So many happy memories from back then, a few bad ones too (like getting "taxed" as soon as we got into this warehouse do in Manchester).
My favourite one has to be when we drove down to this equestrian centre somewhere near the M25 for a rave, only to have our fun curtailed after an hour or two by the boys in blue who were acting on behalf of a nation of shcoked Daily Mail readers and putting a stop to this dangerous decadence! Anyway one of the lads with us was this total monster of a fella, about 6 foot 4 and just as wide, honestly if you'd seen him in a town centre pub you wouldn't have gone near him, but of course when he was raving he was as loved up as the rest of us. When the bizzies turned up of course we all did a runner (we couldn't let them get their mits on our stash, pills were bloody expensive at the time - although totally worth it!), and one by one we all piled into the mini bus we'd gone down in. All except the monster, we had to wait for him cos he'd driven us down there!! Just as we started making alternative plans to make good our escape we saw him lumbering (running would be way wide of the mark as an adjective) towards us, coppers in tow. So he jumps in, and started up and drove off, not even knowing what part of rural England we were heading into, just some fields! When we had found some sort of main road and he got his breath back (quite some time!) he turns to the rest of us and showed us why the coppers were so eager to catch up with him - he'd only gone and stolen one of their loud hailers! Oh and the other piece of info he imparted was that he'd swallowed his whole stash. And believe me, that must have been quite some stash!!
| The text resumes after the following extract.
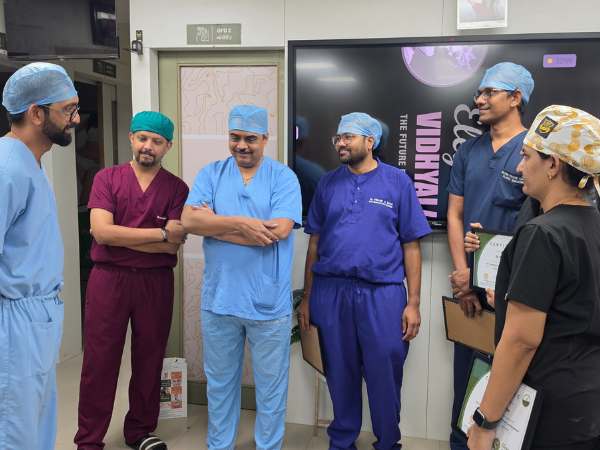 hair-transplant-course-faculty-interaction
What ensued was probably the funniest few hours of my entire life. This totally drug-addled nutter drove us around these home-counties towns first as dawn came up and later filled with Saturday morning shoppers, leaning out of the window making the most straight faced and serious announcements you could ever hear! Honestly you should have seen it! He was saying things like "We aplogise but due to an oversight residents of Bushey will be unable to use the toilet facilities today, as the drains have become blocked after a fight between Dr Who and the Cybermen" and all the curtains were twitching. Fuck me it kills me just thinking about it! Somehow we made it home safely enough. I never really knew the lad after that, I think he the plot in the end, wish I could thank him for that night and day though, amazing!!
Great times though, changed my outlook on life forever I think, so fortunate to be the right age to have experienced it!